### Materials provided
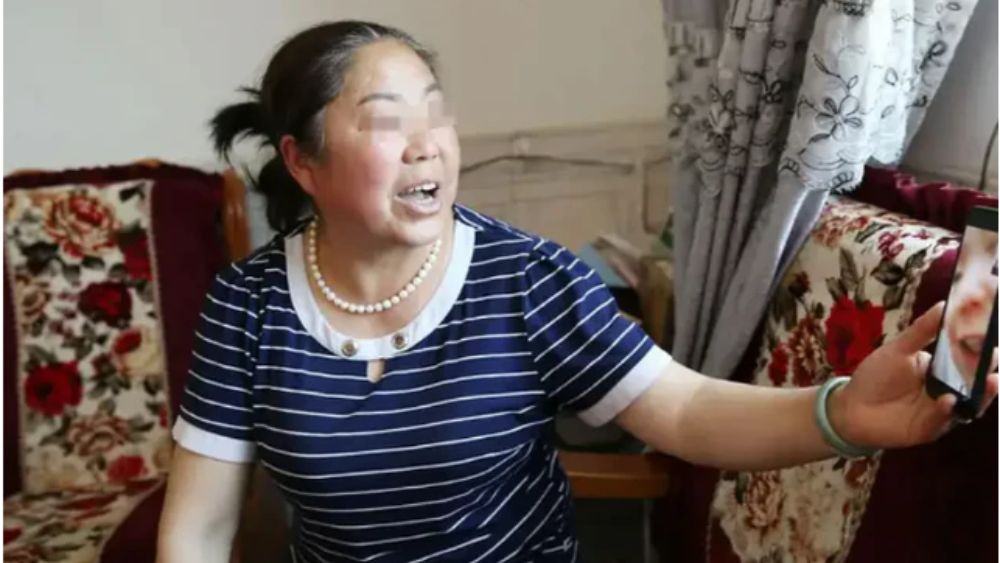 Khoe nhà mới của con lên MXH, vợ chồng già nhận cảnh báo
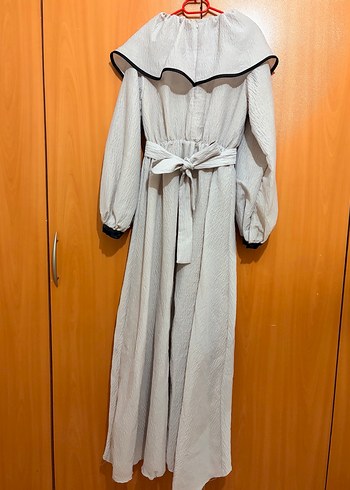 Bej Uzun Kollu Fırfırlı  Elbise - Görsel 4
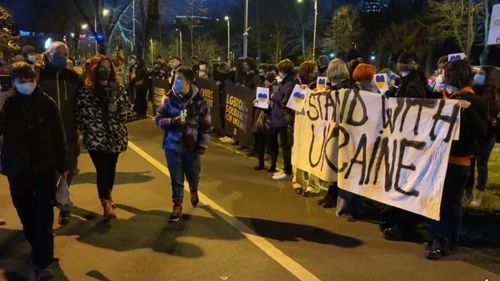 VIDEO Zeci de persoane, la o manifestaţie în semn de solidaritate cu poporul ucrainean, la Ambasada Ucrainei din Bucureşti
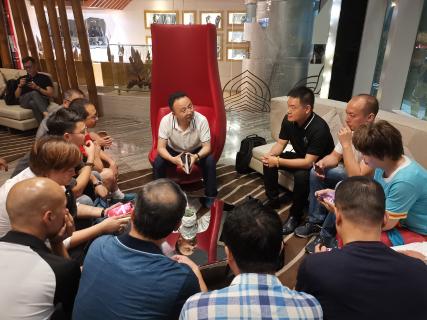 让中国企业家更有眼界——摩登7娱乐创始人李厚德率领企业家学员游学越南站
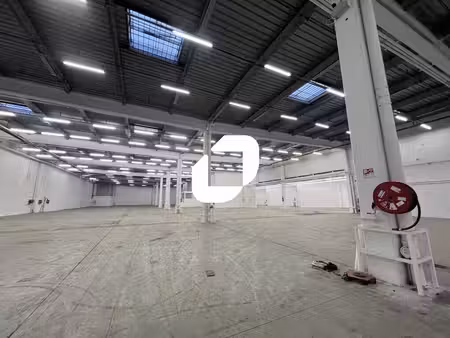 location entrepôt croissy beaubourg 77183 3808m² à 9199m²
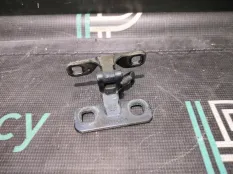 Петля крышки багажника BMW X5 E53 N62B44 2004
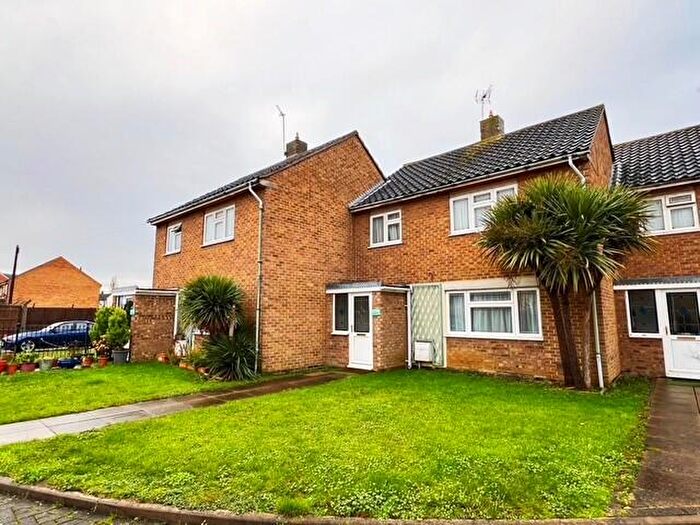 3 Bedroom House To Rent In East Swindon, SN3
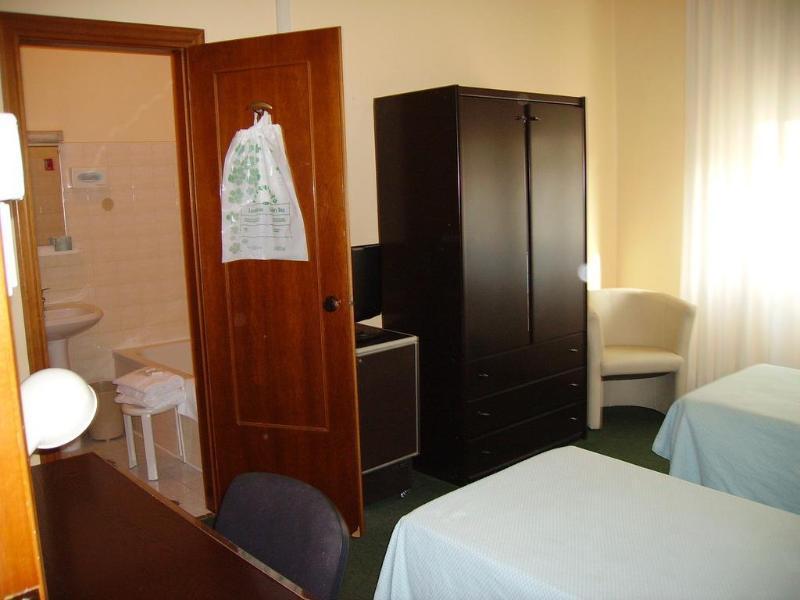 Giappone Inn Parking Hotel Ліворно Екстер'єр фото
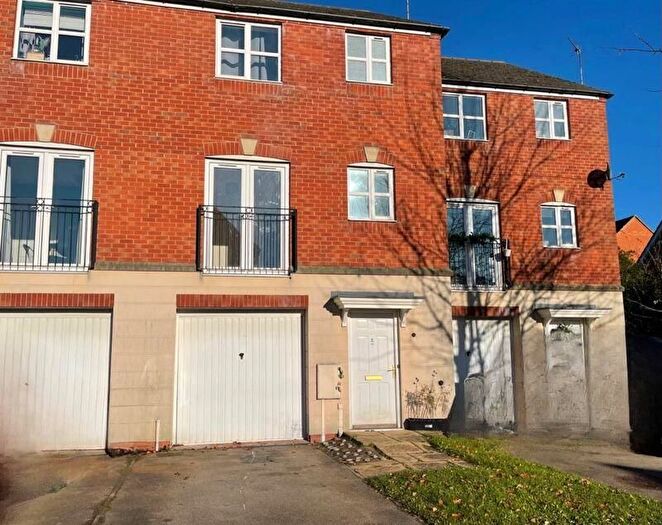 4 Bedroom Terraced House For Sale In All Saints Close, Coalville, LE67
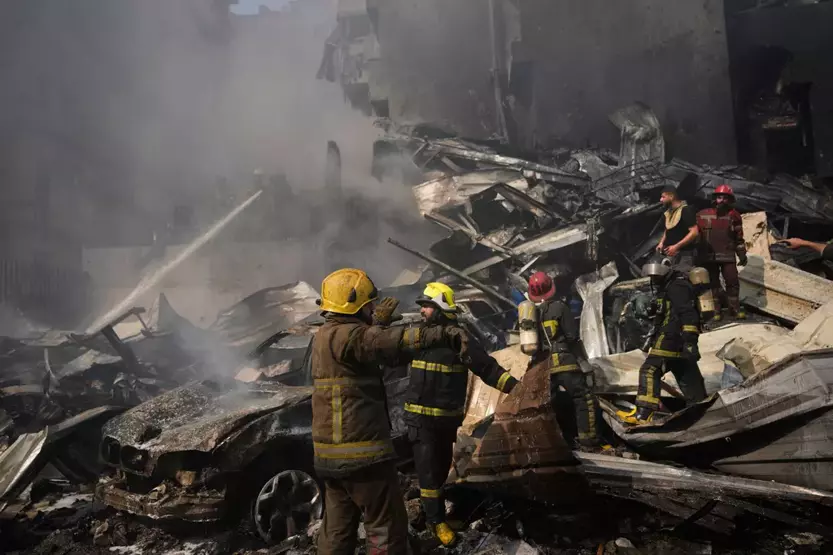 Ateşkes Dinlemeyen İsrail Lübnan'da Soykırıma Devam Etti 10 Dakikada 100 Bomba! (9)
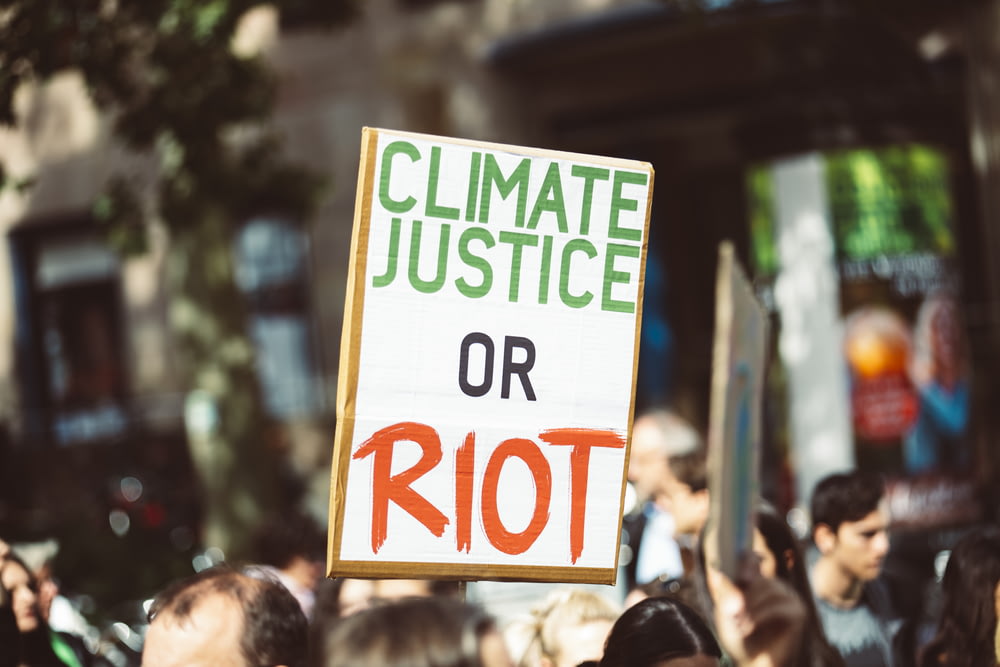 気候正義や暴動の看板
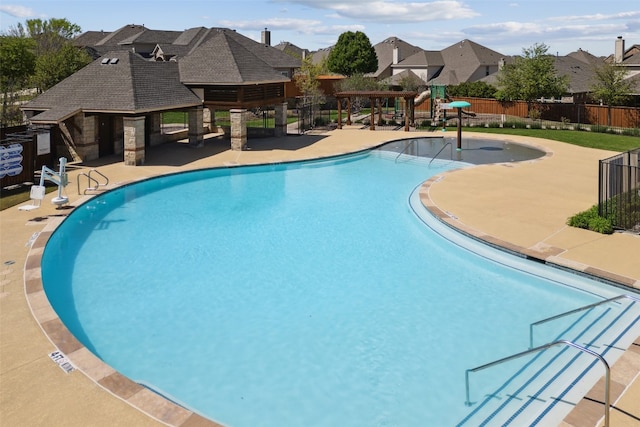 view of swimming pool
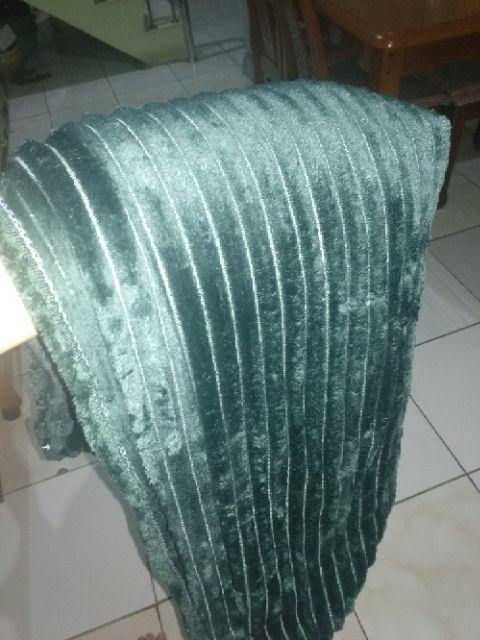 Selimut Bulu Halus Lembut 180 X 200 Motif Timbul Keren Kualitas Import Harga Termurah Promo Bisa Cod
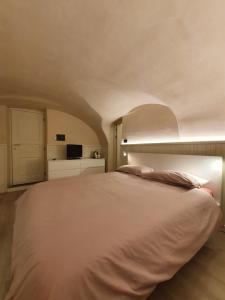 奥斯塔Casa De Giorgis的卧室配有一张白色大床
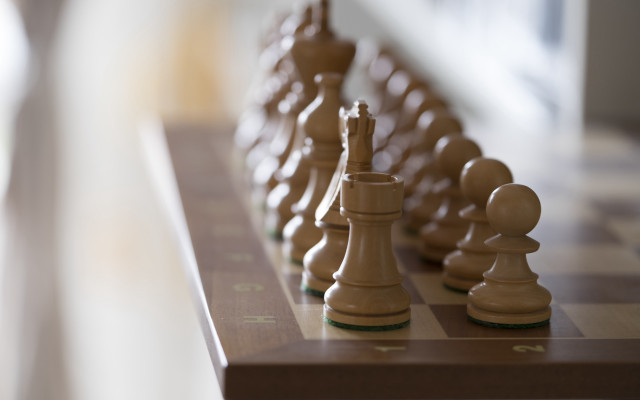 Chess board pieces tilt shift free wallpaper - medium preview image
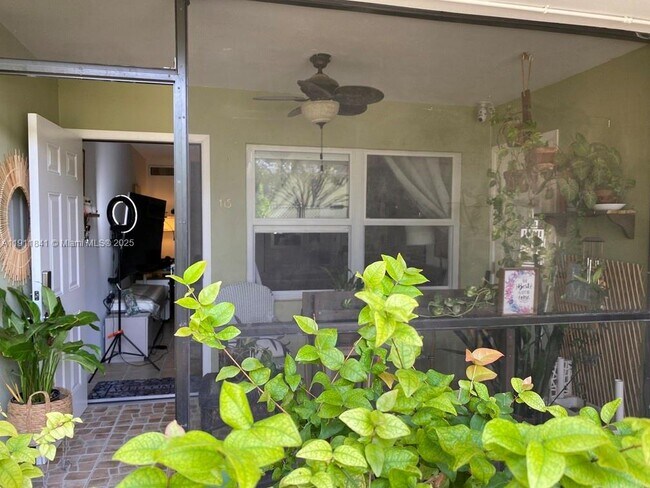 Building Photo - 1425 Arthur St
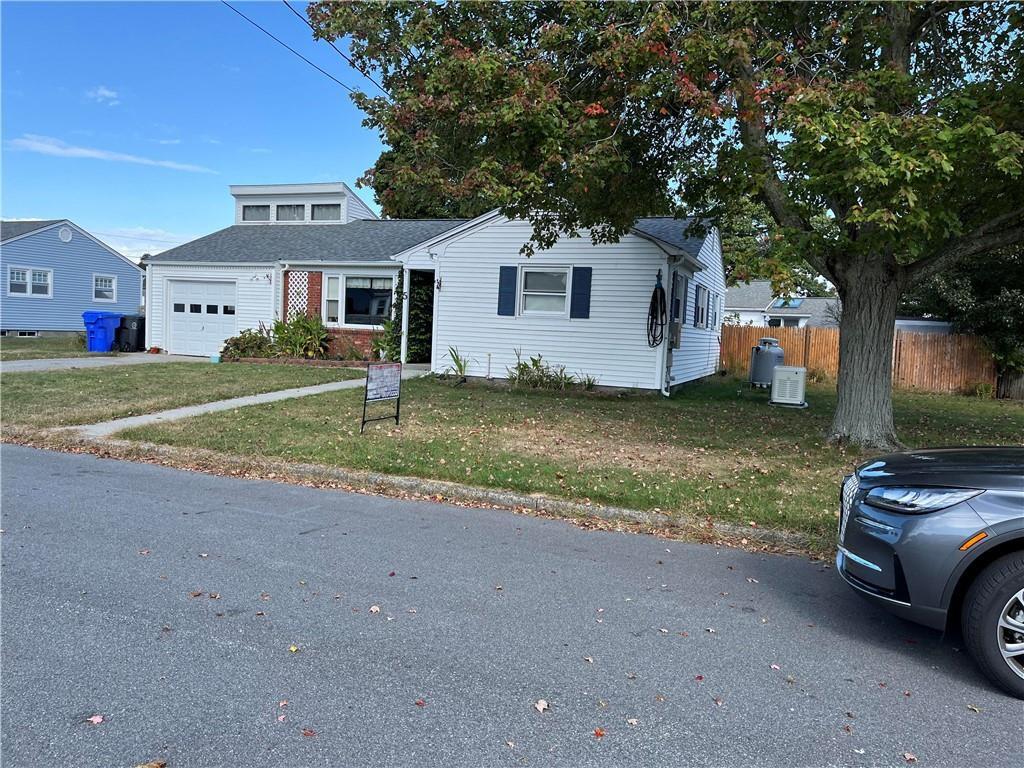 5 Robin Hood Drive, East Providence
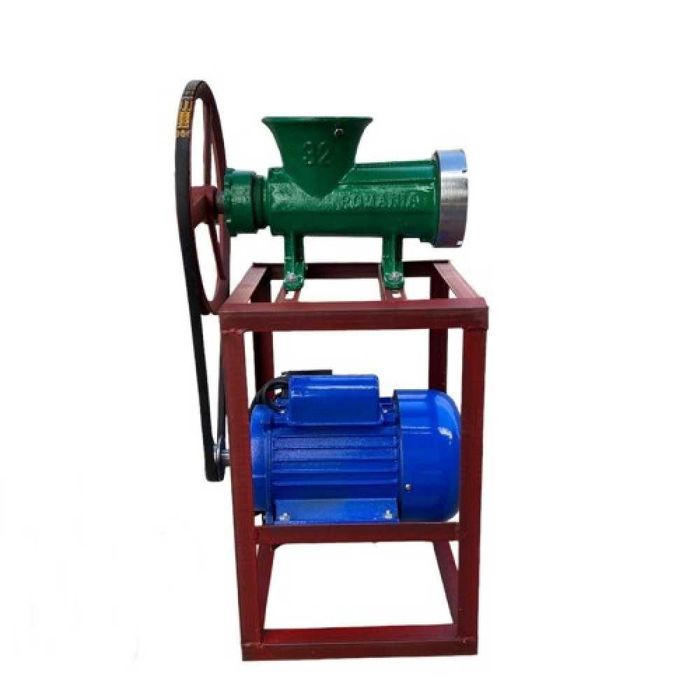 Чугунена месомелачка 32-ри номер с електромотор и стойка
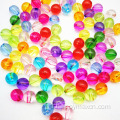 Assortiment des enfants artisanaux à perles acryliques claires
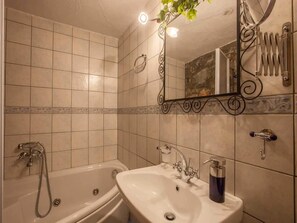 Shower, towels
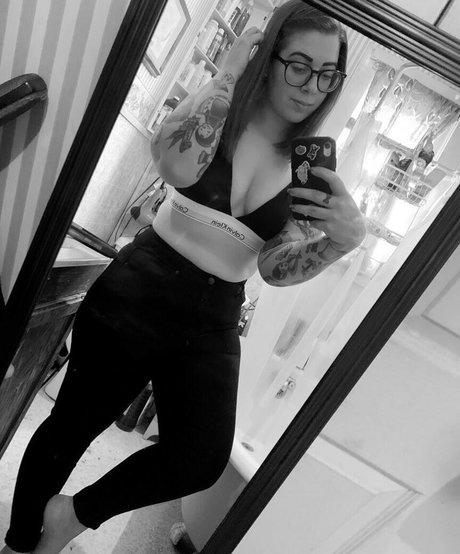 blonde xxx onlyfans xxx pictures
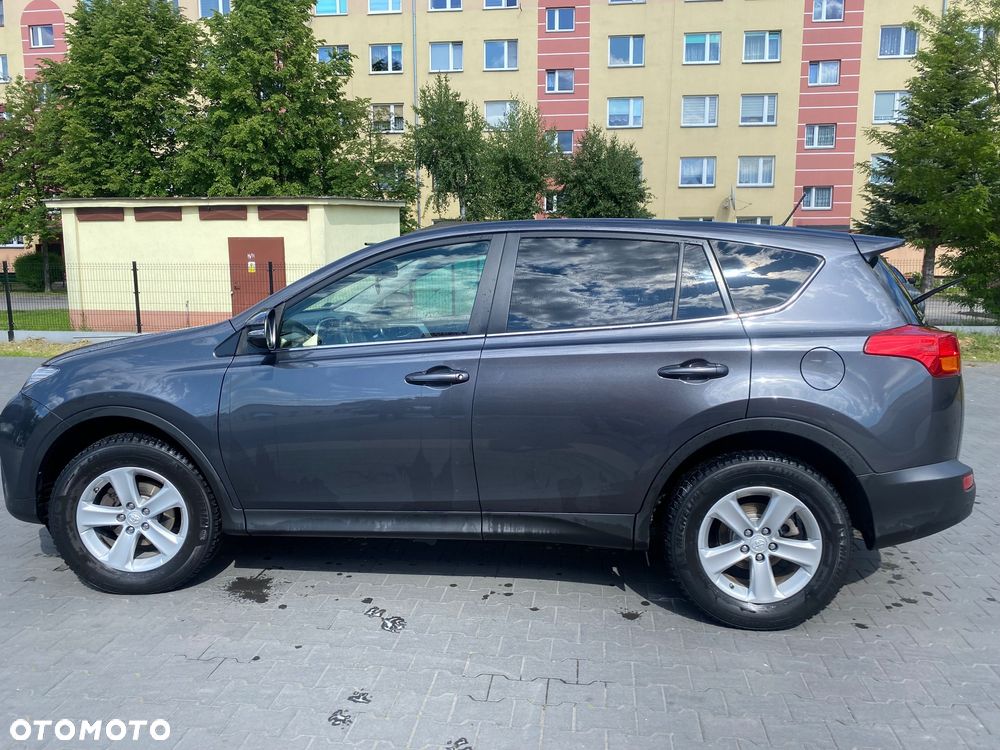 Toyota RAV4 2.2 D-4D Sol - 6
######
Repeat exactly the lines above, from the line that contains "3 Bedroom House To Rent In East Swindon, SN3" down through the line that contains "Chess board pieces". Include both of those lines and none of the pictures.

 3 Bedroom House To Rent In East Swindon, SN3
 Giappone Inn Parking Hotel Ліворно Екстер'єр фото
 4 Bedroom Terraced House For Sale In All Saints Close, Coalville, LE67
 Ateşkes Dinlemeyen İsrail Lübnan'da Soykırıma Devam Etti 10 Dakikada 100 Bomba! (9)
 気候正義や暴動の看板
 view of swimming pool
 Selimut Bulu Halus Lembut 180 X 200 Motif Timbul Keren Kualitas Import Harga Termurah Promo Bisa Cod
 奥斯塔Casa De Giorgis的卧室配有一张白色大床
 Chess board pieces tilt shift free wallpaper - medium preview image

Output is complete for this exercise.